Ben White, the founder of VC4Africa.com, an online platform that brings together entrepreneurs and investors, concurred. “Forget the BRICs (Brazil, Russia, India and China),” he said with a smile. “Add rapid urbanisation to a rising middle class and it is clear a growing number of African countries presents an increasing number of opportunities.

“What is really exciting is to see the new start-ups springing up every day and an increasing level of activity in the African investment space. The explosive growth in mobile, and continued innovations in the financial industry, have certainly helped to illustrate what is possible. Stories like M-PESA, the mobile phone-based money transfer service, successfully capture people’s imagination and neatly package the story. There is momentum now,” said White.

“We have seen an increased number of exits across the continent,” said Moremong. “Aureos Southern Africa Fund recently exited Orange Madagascar – realising a 44 percent internal rate of return (IRR) for its investors; whilst Aureos East Africa exited Shelys –an East African pharmaceutical company to Aspen Healthcare (a listed South African pharma company); Kingdom Zephyr also recently exited its investment in a Moroccan auto insurer CNIA SAADA Assurance through an initial public offering (IPO) on the Casablanca Stock Exchange.

“What this illustrates is that exits are possible – through both strategic and IPOs, although a significant number of exits across the industry have been either through strategic sales or financial investors.”

 

 

The challenge

“Investing anywhere in the world comes with its unique challenges,” said White. “The same can be said of any African country. I think it’s dangerous to approach the continent as a single subject, when nothing comes close to its diversity.

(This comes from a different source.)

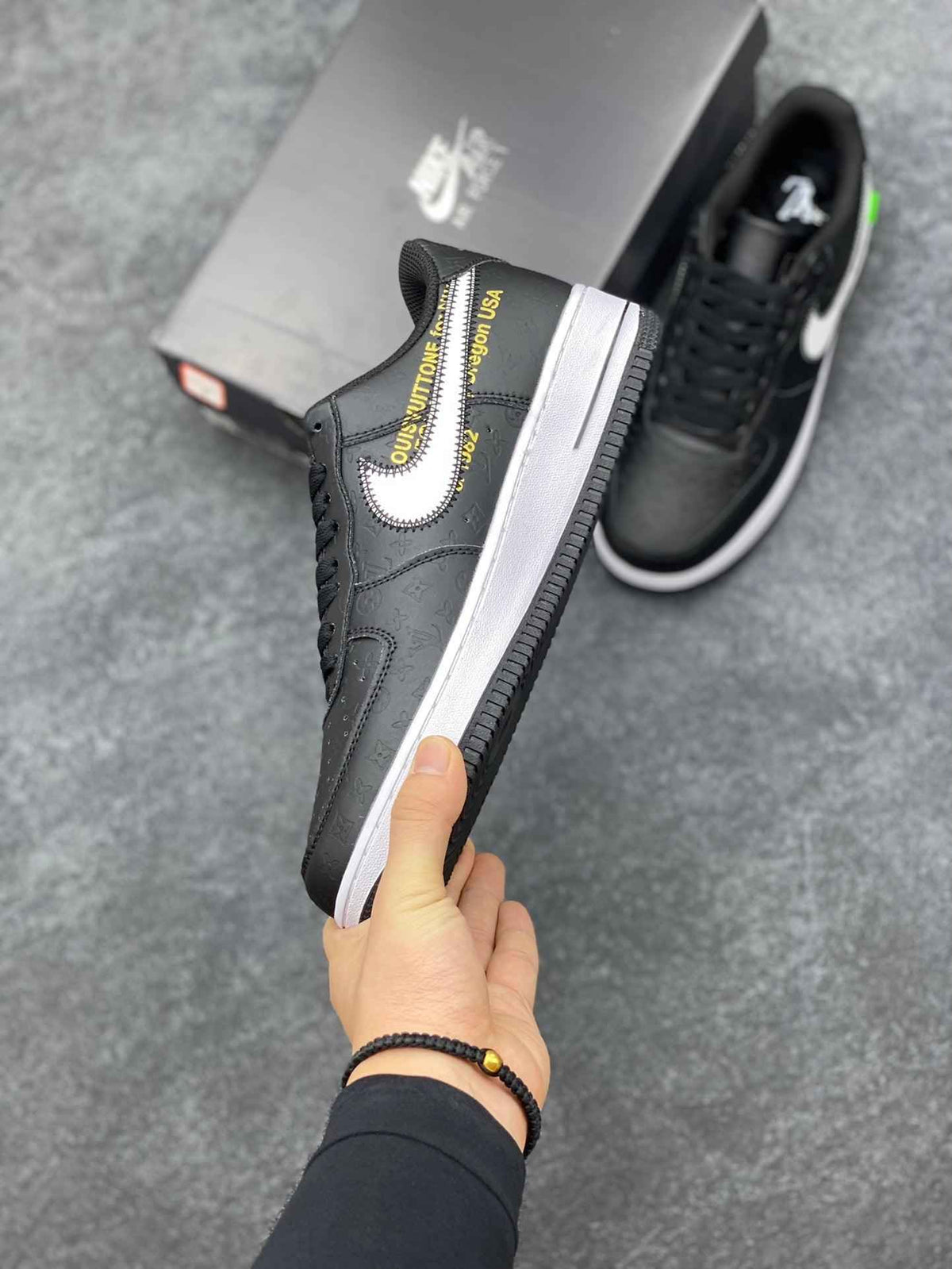 Custom LV x Off-wht x NK Air Force 1 1A9V9F SneakerNational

“Where one country has made gains in tax legislation they might have lost ground in the space for independent media. Where one just successfully elected a new president the other will have had a tumultuous election. Where one country has made progress in putting forward internet protocol (IP) legislation another will have just invested in the wrong fibre optic cables. Each country, each sector, each business needs to be approached on a case-by-case basis,” he said.

“That aside, we do see that generally the political climate is improving and we see more stability in more countries. This stability combined with continued liberalization is being translated in the rise of a viable private sector.”

According to Moremong, venture capital and private equity are key to Africa’s economic growth. “Through private equity, we are bringing additional sources of capital into the economy, innovation and operational expertise,” she concluded.